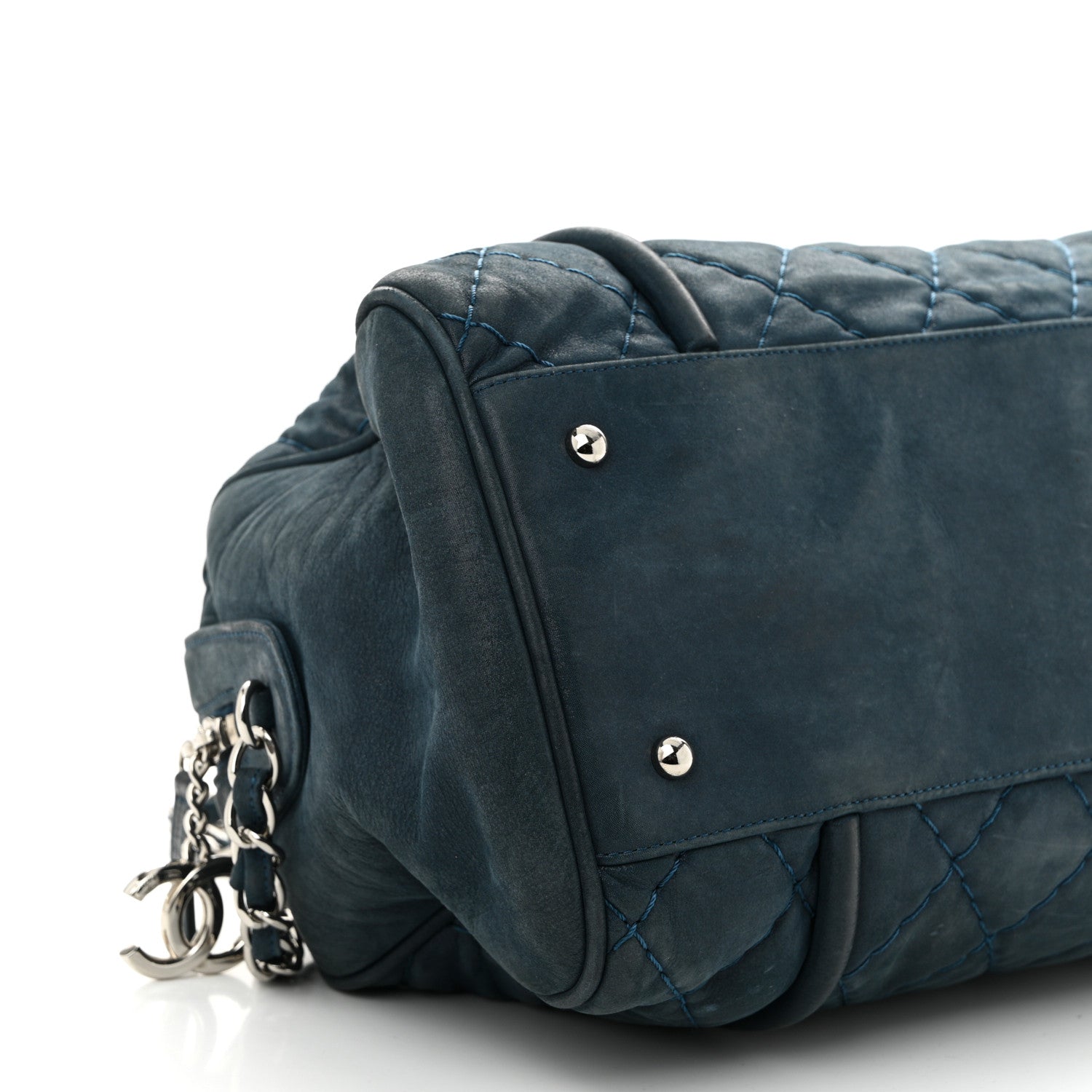 Iridescent Calfskin Quilted Relax CC Bowler Blue
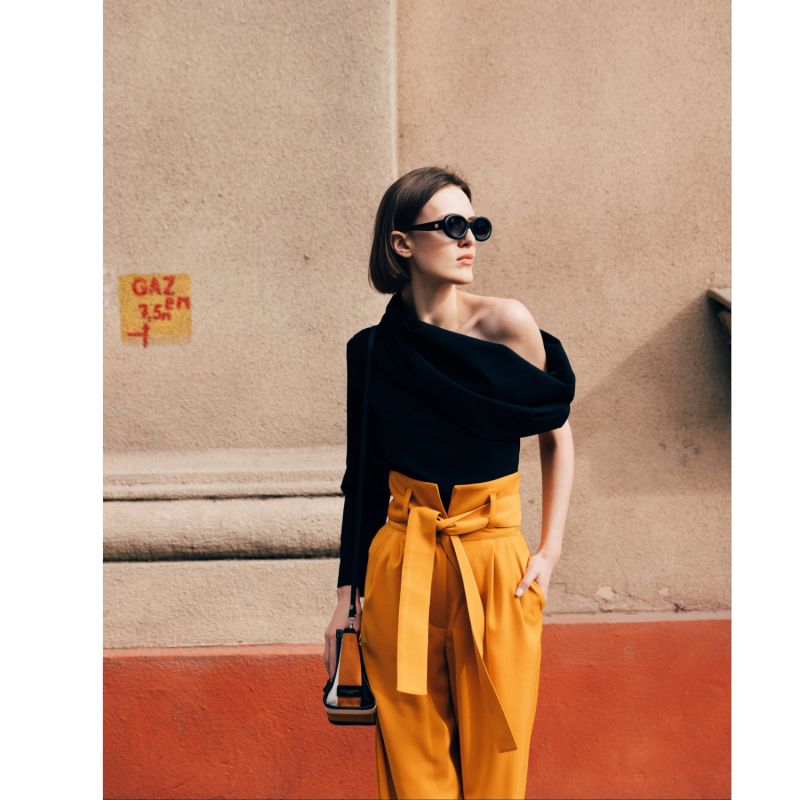 Yellow High Waist Long Wide Leg Trousers image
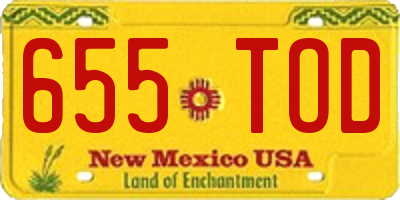 NM license plate 655TOD
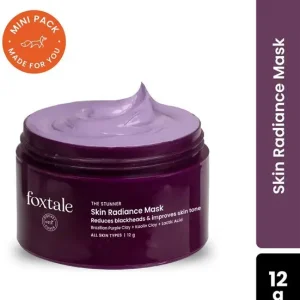 Foxtale Detan Skin Radiance Mask, With Lactic Acid & Brazilian Purple Clay, Removes Tan  (12 g)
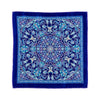 Blue and Light Blue Mandala of Devotion Duchesse Silk Pocket Square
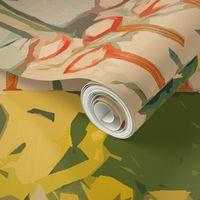 1*28* TREES  BY  THE  LAKE- YELLOW  WALLPAPER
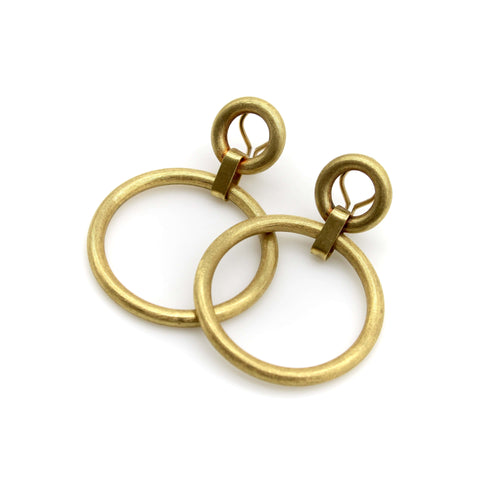 Boucles d'oreilles Vintage 14K Gold Florentine Finish Double Hoop Earrings 58 Facettes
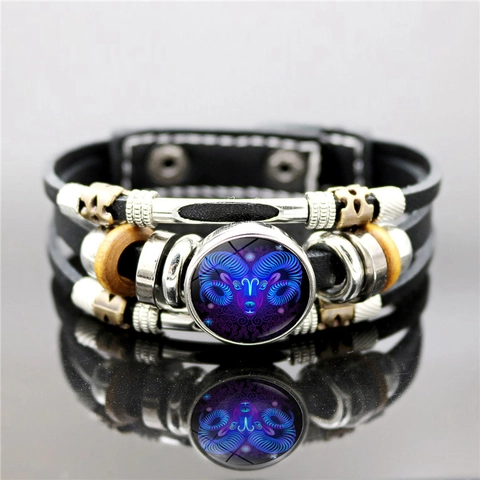 Leuchtendes Sternzeichen Armband Mehrlagiges Leder Glas Legierung Punk Retro Armreif Unisex Im Dunkeln Leuchten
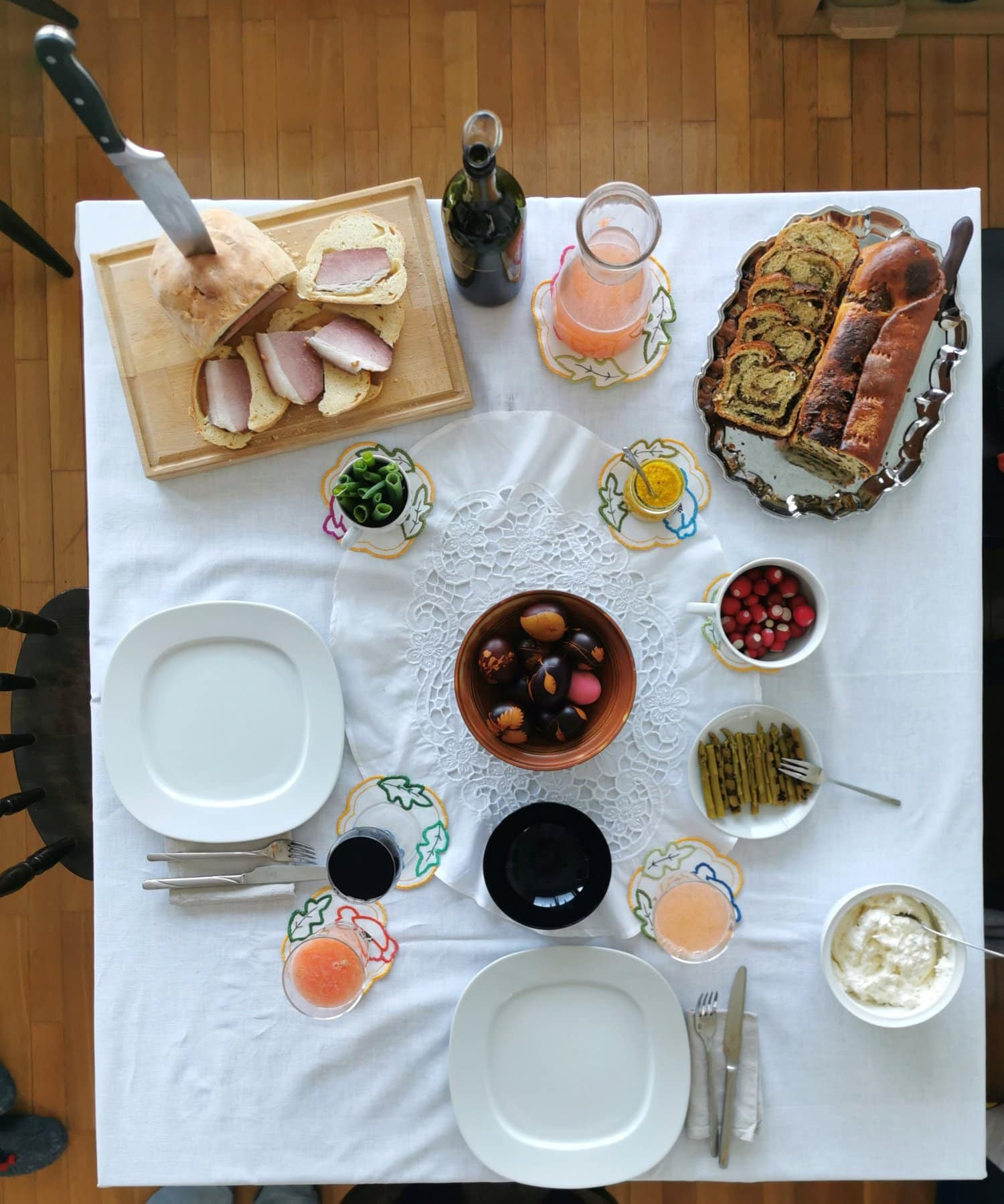 Slovenian Easter breakfast spread with various horseradish preparations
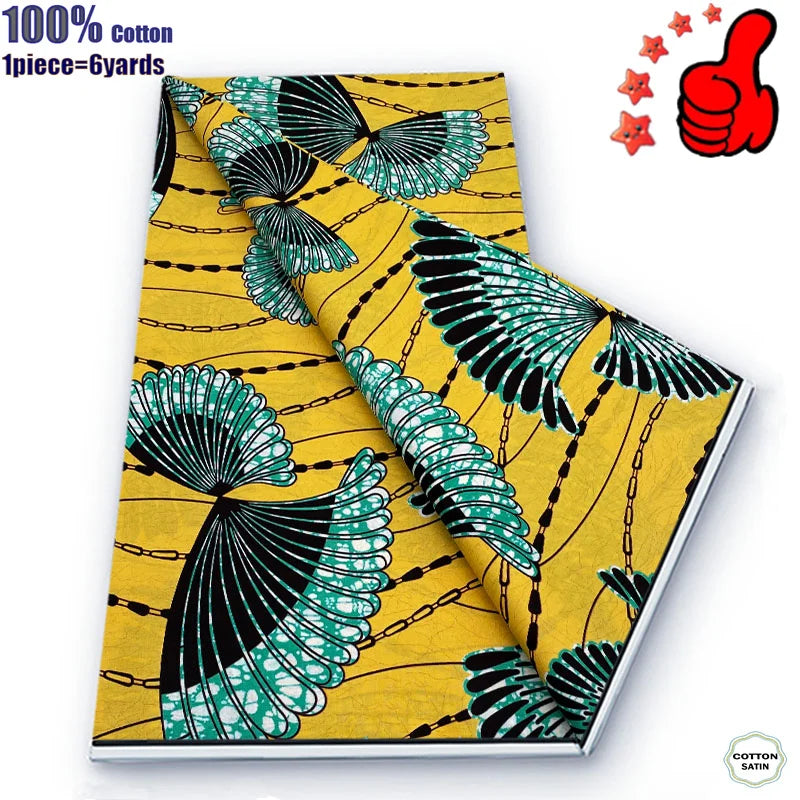 Guaranteed Veritable African Real Wax Prints Fabric Ghana Style Ankara Wax Tissu Pagne 100%Cotton Soft Design Nigeria Wax Fabric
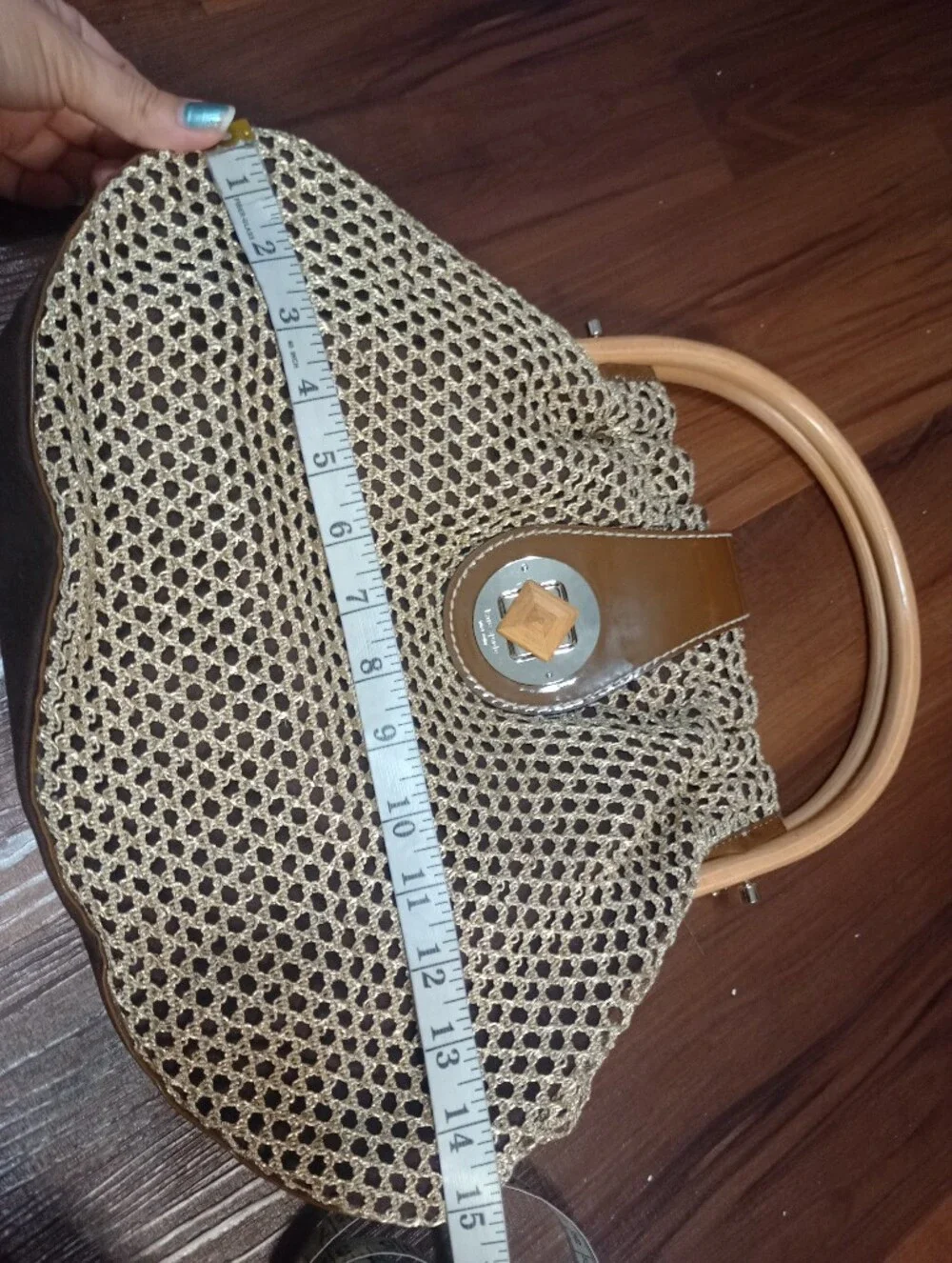 Kate Spade Wooden Handle Metallic Gold Mesh Hand Bag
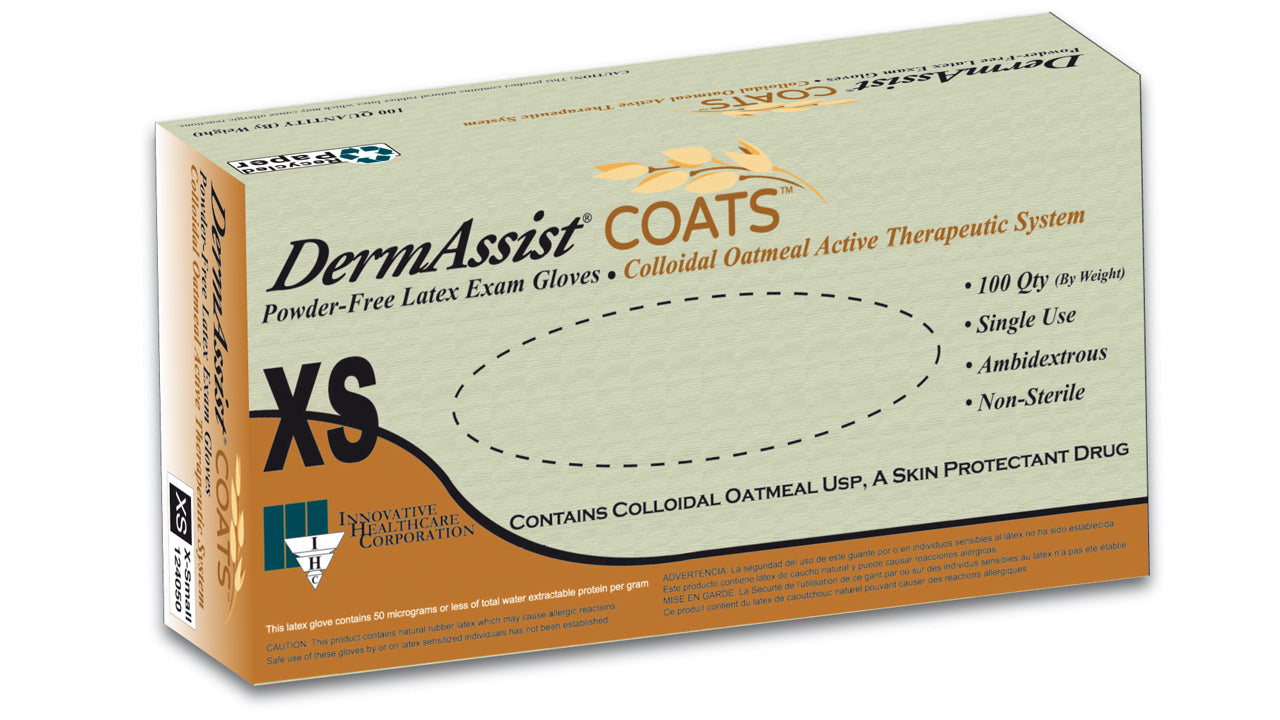 Innovative DermAssist® Coats® Latex Exam Gloves - Series 124, 100/bx, 10 bx/cs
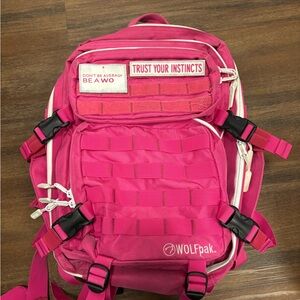 WOLFpak Pink Backpack with Patches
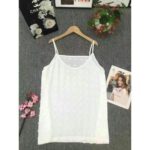 Débardeur Fluide Jacquard "Fleur Brodée" – Blanc Pur – Image 3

..........

== What you are asked to do ==
Would you please transcribe the listing in full, exactly, while omitting the images?

== Result of the task ==
 Iridescent Calfskin Quilted Relax CC Bowler Blue
 Yellow High Waist Long Wide Leg Trousers image
 NM license plate 655TOD
 Foxtale Detan Skin Radiance Mask, With Lactic Acid & Brazilian Purple Clay, Removes Tan  (12 g)
 Blue and Light Blue Mandala of Devotion Duchesse Silk Pocket Square
 1*28* TREES  BY  THE  LAKE- YELLOW  WALLPAPER
 Boucles d'oreilles Vintage 14K Gold Florentine Finish Double Hoop Earrings 58 Facettes
 Leuchtendes Sternzeichen Armband Mehrlagiges Leder Glas Legierung Punk Retro Armreif Unisex Im Dunkeln Leuchten
 Slovenian Easter breakfast spread with various horseradish preparations
 Guaranteed Veritable African Real Wax Prints Fabric Ghana Style Ankara Wax Tissu Pagne 100%Cotton Soft Design Nigeria Wax Fabric
 Kate Spade Wooden Handle Metallic Gold Mesh Hand Bag
 Innovative DermAssist® Coats® Latex Exam Gloves - Series 124, 100/bx, 10 bx/cs
 WOLFpak Pink Backpack with Patches
 Débardeur Fluide Jacquard "Fleur Brodée" – Blanc Pur – Image 3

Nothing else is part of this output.